In the US, many of us don’t get as much vacation as our overseas friends. However, there’s another activity we can do often, from anywhere, for a fraction of the cost, which provides similar benefits. We can read books.

When you’re immersed in a story, your brain reacts in a way that’s strikingly similar to taking a vacation abroad. It’s how we can experience the new, reboot ourselves, and restore that elusive sense of calm that’s missing from our everyday lives.

1. Your brain is the traveler.

Let’s assume you’re reading Eat, Pray, Love. When you read, you don’t put Elizabeth Gilbert back in Italy, twirling an al dente carbonara – you put yourself there. According to Jonathan Gottschall, author of The Storytelling Animal, functional MRI studies show that when we read a story, our brains don’t light up like an observer. Instead, they look just like the doer’s brain.

Here’s another way to think about it. Have you ever looked at a movie theater that’s full of people watching a hair raising action scene? The hero is dangling off a cliff, but it’s the viewer’s heart rate that increases. Some of them start squirming in their seats. That’s the body’s reaction to what the brain thinks is taking place.

Reading is living vicariously. When it comes to your brain activity, you’re not sitting at home staring at black squiggles on white pages. You’re roaming the streets of Italy or you’re hanging off a cliff – and you didn’t even have to spring for the life insurance.

2. As with travel, reading makes it easier to connect with others.
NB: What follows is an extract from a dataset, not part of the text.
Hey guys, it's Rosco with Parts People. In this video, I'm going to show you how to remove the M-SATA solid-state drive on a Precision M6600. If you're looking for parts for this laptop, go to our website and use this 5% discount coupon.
Travel gives us the opportunity to meet people in other countries and learn about their perspectives and values. It may seem like the solitary act of reading does exactly the opposite.
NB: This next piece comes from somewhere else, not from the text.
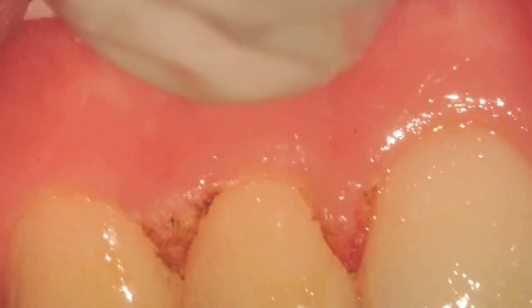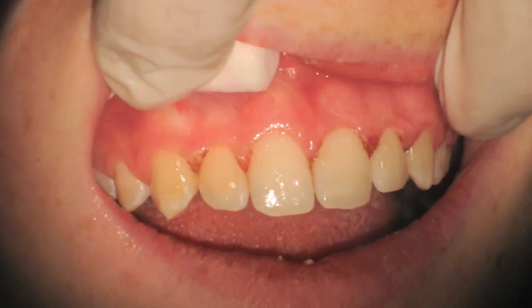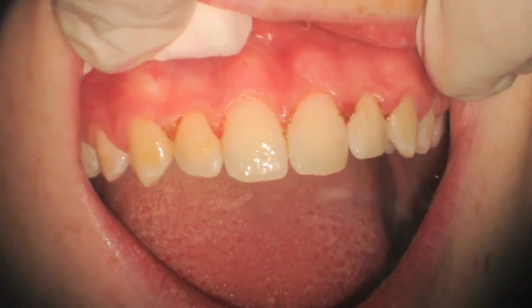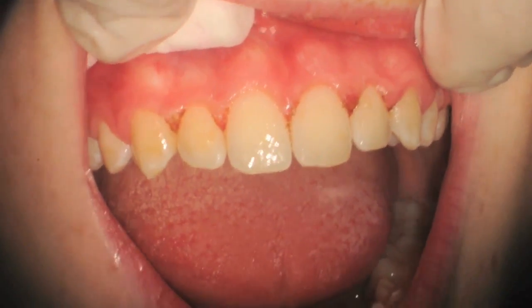We can see a clear view at high mag of what we've accomplished. Here we are at low mag after completing all six upper anterior teeth — you can see what a nice result we've been able to obtain, again without any injections.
The stereotype of a book worm couldn’t differ more from an intrepid traveler. Travelers regale everyone with stories about Maasaii warriors in Kenya, German festival goers in Bavaria, and street hawkers in Bangalore. They’re at the top of most dinner party invitation lists.

I was recently reminded that books can have the same effect.

Photo by chuttersnap on Unsplash

For dinner one evening, I found myself seated at the end of a long table next to a young, quiet friend-of-a-friend. Across from us was an empty chair, everyone else was further down the table. In vain, I tried the usual topics – where are you from, what do you do? He responded in short grunts. Italy. I’m a neurosurgeon.

It seemed like I was doomed to spend the evening in silence, punctuated by basic questions and terse answers.

Then I remembered a doctor I knew well, a character in George Eliot’s Middlemarch. Had he ever heard of Lydgate?

As a young physician, Lydgate enters his profession with great ideals. He plans to open a charity hospital and investigate the poor man’s disease, typhus. However, he succumbs to the lure of success and ends up working on gout, a disease of the wealthy. Over time, the consequences of these decisions haunt him in the form of a deep, abiding sense of failure.

As I shared Lydgate’s early aspirations and anecdotes, the neurosurgeon started asking for more: “And then what happened? … What did he do? … Why?”

He was so engrossed in this character that bit by bit, he got the whole storyline out of me. We even stayed at the table for a coffee after everyone else had moved on. He had the sense that I appreciated his inclinations and had an insight into a path that lay open to him.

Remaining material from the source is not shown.